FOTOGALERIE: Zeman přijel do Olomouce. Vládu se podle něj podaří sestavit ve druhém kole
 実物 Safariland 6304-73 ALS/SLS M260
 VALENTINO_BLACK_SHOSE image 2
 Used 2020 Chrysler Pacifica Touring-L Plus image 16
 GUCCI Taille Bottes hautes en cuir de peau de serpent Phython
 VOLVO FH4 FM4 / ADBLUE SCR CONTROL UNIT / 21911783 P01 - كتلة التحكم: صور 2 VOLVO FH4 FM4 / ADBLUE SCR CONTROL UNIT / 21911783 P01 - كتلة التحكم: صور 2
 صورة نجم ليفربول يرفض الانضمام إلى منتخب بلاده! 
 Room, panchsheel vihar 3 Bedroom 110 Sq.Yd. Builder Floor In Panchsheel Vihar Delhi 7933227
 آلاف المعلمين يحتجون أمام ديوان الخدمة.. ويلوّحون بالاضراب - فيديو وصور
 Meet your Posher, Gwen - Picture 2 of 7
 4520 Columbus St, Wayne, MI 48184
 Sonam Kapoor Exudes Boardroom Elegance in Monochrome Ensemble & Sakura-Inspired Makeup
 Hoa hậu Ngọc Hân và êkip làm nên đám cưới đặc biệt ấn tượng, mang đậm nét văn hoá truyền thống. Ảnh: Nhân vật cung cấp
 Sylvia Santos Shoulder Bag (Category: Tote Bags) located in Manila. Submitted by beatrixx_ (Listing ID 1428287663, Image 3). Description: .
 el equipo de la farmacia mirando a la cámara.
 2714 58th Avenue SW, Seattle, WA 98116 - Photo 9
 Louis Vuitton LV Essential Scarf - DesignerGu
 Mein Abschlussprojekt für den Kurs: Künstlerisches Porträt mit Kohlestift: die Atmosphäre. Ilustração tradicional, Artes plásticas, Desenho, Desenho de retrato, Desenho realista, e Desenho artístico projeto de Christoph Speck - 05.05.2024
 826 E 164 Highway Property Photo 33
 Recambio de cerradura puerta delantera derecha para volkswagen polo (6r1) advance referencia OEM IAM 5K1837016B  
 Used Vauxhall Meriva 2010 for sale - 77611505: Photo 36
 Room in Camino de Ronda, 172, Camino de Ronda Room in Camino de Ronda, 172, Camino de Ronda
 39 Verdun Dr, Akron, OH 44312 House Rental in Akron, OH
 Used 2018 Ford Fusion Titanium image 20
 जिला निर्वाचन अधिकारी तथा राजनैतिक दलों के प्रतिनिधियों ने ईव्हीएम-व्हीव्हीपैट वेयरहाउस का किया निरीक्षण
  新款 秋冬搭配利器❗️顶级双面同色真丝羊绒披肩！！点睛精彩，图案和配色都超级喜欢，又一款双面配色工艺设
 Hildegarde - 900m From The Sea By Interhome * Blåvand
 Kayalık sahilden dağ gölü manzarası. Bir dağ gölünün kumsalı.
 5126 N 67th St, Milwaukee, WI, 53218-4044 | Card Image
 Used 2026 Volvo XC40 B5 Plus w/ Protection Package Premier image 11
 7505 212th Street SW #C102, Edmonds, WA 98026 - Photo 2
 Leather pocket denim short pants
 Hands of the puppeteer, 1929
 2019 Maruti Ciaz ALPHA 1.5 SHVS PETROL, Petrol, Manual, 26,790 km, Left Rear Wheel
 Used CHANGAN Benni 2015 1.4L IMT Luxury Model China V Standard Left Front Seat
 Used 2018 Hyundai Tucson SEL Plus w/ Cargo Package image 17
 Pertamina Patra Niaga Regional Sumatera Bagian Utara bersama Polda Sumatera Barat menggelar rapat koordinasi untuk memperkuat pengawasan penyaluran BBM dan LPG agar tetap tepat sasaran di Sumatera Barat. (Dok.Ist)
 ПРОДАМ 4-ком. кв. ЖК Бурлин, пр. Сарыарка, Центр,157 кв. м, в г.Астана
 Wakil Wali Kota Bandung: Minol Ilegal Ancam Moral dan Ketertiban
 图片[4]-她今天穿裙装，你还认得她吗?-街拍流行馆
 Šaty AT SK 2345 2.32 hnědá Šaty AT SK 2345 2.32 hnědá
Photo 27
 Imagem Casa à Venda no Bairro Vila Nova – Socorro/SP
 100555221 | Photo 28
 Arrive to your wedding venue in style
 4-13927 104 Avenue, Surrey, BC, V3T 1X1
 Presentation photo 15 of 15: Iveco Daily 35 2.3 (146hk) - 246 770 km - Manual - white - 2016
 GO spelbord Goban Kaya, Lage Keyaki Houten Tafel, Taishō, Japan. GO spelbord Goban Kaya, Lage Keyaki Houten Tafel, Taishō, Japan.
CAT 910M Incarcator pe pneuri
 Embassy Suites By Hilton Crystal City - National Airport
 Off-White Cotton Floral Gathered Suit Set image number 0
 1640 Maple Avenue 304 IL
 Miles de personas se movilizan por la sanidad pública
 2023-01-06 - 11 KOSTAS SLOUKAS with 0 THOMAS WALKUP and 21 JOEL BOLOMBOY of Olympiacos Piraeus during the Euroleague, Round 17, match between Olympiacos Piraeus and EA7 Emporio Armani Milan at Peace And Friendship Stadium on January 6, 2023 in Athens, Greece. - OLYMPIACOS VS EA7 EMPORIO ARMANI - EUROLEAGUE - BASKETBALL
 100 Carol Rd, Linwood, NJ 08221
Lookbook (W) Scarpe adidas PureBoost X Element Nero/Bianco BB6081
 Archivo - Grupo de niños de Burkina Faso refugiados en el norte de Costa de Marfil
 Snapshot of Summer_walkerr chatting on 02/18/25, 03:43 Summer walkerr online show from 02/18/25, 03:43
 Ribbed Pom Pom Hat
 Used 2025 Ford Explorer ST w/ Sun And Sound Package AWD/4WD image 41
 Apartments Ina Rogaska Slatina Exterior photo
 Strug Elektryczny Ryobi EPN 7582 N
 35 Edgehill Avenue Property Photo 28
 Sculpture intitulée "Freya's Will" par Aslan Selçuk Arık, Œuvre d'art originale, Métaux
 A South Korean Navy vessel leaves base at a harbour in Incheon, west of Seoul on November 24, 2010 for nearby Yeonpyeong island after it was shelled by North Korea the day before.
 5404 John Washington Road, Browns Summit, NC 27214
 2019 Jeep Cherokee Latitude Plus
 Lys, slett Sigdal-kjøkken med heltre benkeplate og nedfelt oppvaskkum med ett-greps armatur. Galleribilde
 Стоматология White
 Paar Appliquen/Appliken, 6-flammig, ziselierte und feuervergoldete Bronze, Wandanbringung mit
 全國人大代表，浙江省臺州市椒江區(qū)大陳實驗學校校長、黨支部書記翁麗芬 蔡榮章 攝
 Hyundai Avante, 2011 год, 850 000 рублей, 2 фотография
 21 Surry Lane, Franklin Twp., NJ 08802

__ACTIVITY__: Above are the entries. Quote exactly the lines from the one bearing "Embassy Suites By" through the one bearing "35 Edgehill Avenue Property Photo 28".

__TASK SOLUTION__:
 Embassy Suites By Hilton Crystal City - National Airport
 Off-White Cotton Floral Gathered Suit Set image number 0
 1640 Maple Avenue 304 IL
 Miles de personas se movilizan por la sanidad pública
 2023-01-06 - 11 KOSTAS SLOUKAS with 0 THOMAS WALKUP and 21 JOEL BOLOMBOY of Olympiacos Piraeus during the Euroleague, Round 17, match between Olympiacos Piraeus and EA7 Emporio Armani Milan at Peace And Friendship Stadium on January 6, 2023 in Athens, Greece. - OLYMPIACOS VS EA7 EMPORIO ARMANI - EUROLEAGUE - BASKETBALL
 100 Carol Rd, Linwood, NJ 08221
Lookbook (W) Scarpe adidas PureBoost X Element Nero/Bianco BB6081
 Archivo - Grupo de niños de Burkina Faso refugiados en el norte de Costa de Marfil
 Snapshot of Summer_walkerr chatting on 02/18/25, 03:43 Summer walkerr online show from 02/18/25, 03:43
 Ribbed Pom Pom Hat
 Used 2025 Ford Explorer ST w/ Sun And Sound Package AWD/4WD image 41
 Apartments Ina Rogaska Slatina Exterior photo
 Strug Elektryczny Ryobi EPN 7582 N
 35 Edgehill Avenue Property Photo 28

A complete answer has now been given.